Historical Rajabai Clock Tower scheduled for restoration

Fort campus of University of Mumbai houses a tall clock tower built in the bygone era which took its iconic form in the precinct around the onset of the British Raj. Rajabai Clock Tower was designed by an English architect, George Gilbert Scott, the experienced hand behind the St Pancras Renaissance Hotel in London. And by no surprise, he fashioned it roughly around Big Ben, the Clock Tower of the Palace of Westminster.

The total cost of construction came to INR 200,000, a hefty sum for the era it was built in. This entire cost was stumped up by Premchand Roychand, a prosperous broker who founded the Bombay Stock Exchange on the condition that the tower be named after his mother Rajabai. The Tower was built with Malad and Porbandar stone along with Burmese Teak wood.

As for many historic buildings in Colaba and the Fort area of Bombay, Rajabai Tower was denied preservation and conservation in the past. Some conservation architects and activists have long fought the battle to preserve this part of physical history in the vicinity and have demanded attention through maintenance. Unfortunately, for progressive India, history is of less importance for the time being. Currently they are bloodthirstily focused on commercially-viable propositions of development.

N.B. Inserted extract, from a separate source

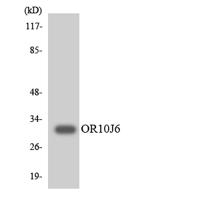 Olfactory receptor 10J6 Polyclonal Antibody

However, even though conservation architects are in minority, this hasn’t given them a reason to concede their battle. And rightly so. So, with a bit of patience, funds have been raised to meet the estimated budget of restoration (INR 4.2 Crores) donated by Tata Consultancy Services of India. The curious thing to note here is that funding raised is through a private corporation and not public money. The government seems to be always missing from the civic projects.

 

Rajabai Tower under construction (Circa 1875)

Architecture firm, Somaya and Kalappa of Mumbai have been chosen to carry out this work. The firm, led by architect Brinda Somaya, has been at the forefront in advocacy of restoration of historic built environments across India.

The plan of the commissioned work is not yet been made public but news is that the scope of work will include a thorough cleaning of the façade and repair or replacement of damaged exterior stone, structural strengthening, stopping of water leakage, removal of plants and biological growth, refurbishment of the Burma teak fittings in the library, provision of services like wiring and air-conditioning where they are needed, as well as facilities to help preserve rare books in the library’s collection. The work on the Rajabai Tower is awaiting two things: required approvals from City officials and monsoon season to pass.

Work is expected to begin right after both are taken care of and is expected to be completed in two years time. Amen to that!